Information provided
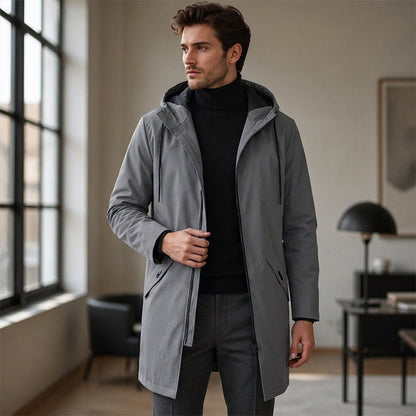 Trench-coat à capuche mi-long pour homme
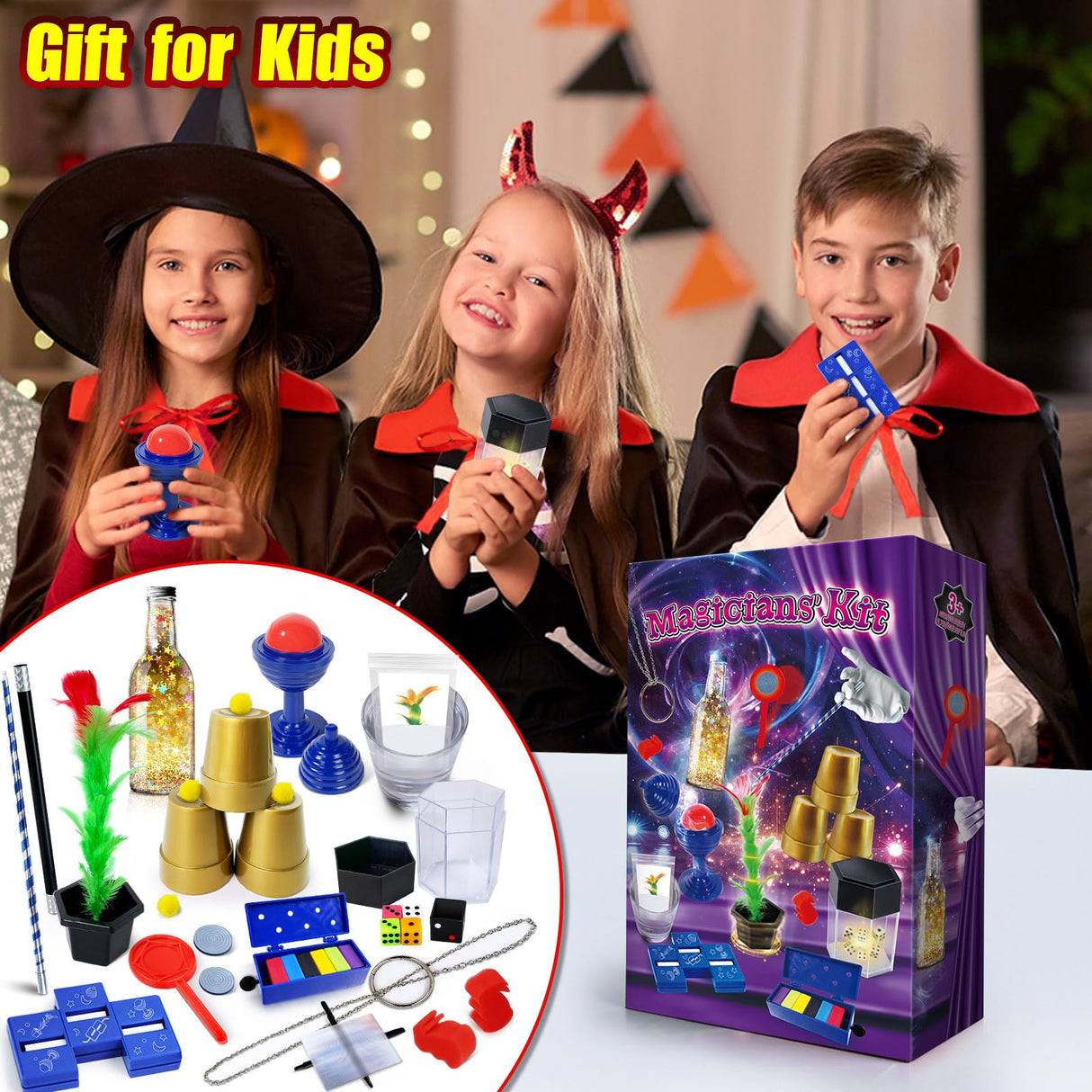 PATIFEED Kids Magic Kit, Magic Set with Instructions for Each Trick to Perform, Magic Toys for Kids Ages 6 7 8 9 10 11 12 Year Old PATIFEED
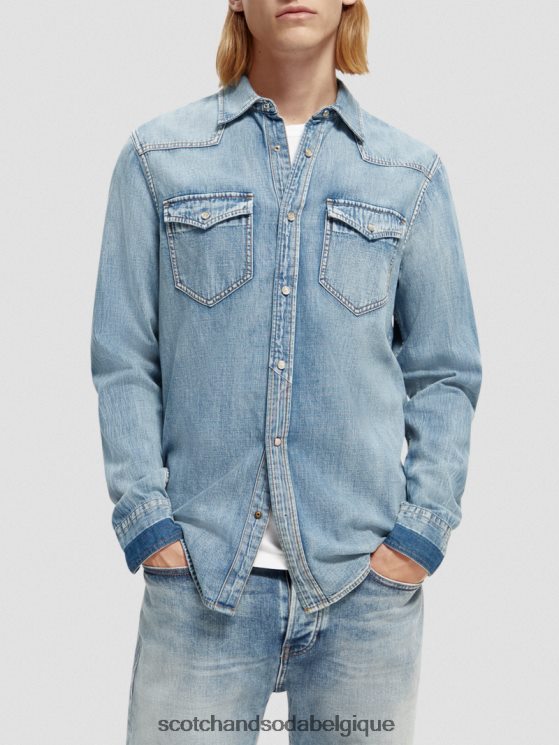 vêtements Scotch & Soda chemise western en denim réparé coupe classique- Scotch and Soda Liﾨﾨge indigo lavé 6BZRBF303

Activity
Repeat the listing above word for word and leave its images out.

Solution to this problem
 Trench-coat à capuche mi-long pour homme
 PATIFEED Kids Magic Kit, Magic Set with Instructions for Each Trick to Perform, Magic Toys for Kids Ages 6 7 8 9 10 11 12 Year Old PATIFEED
 vêtements Scotch & Soda chemise western en denim réparé coupe classique- Scotch and Soda Liﾨﾨge indigo lavé 6BZRBF303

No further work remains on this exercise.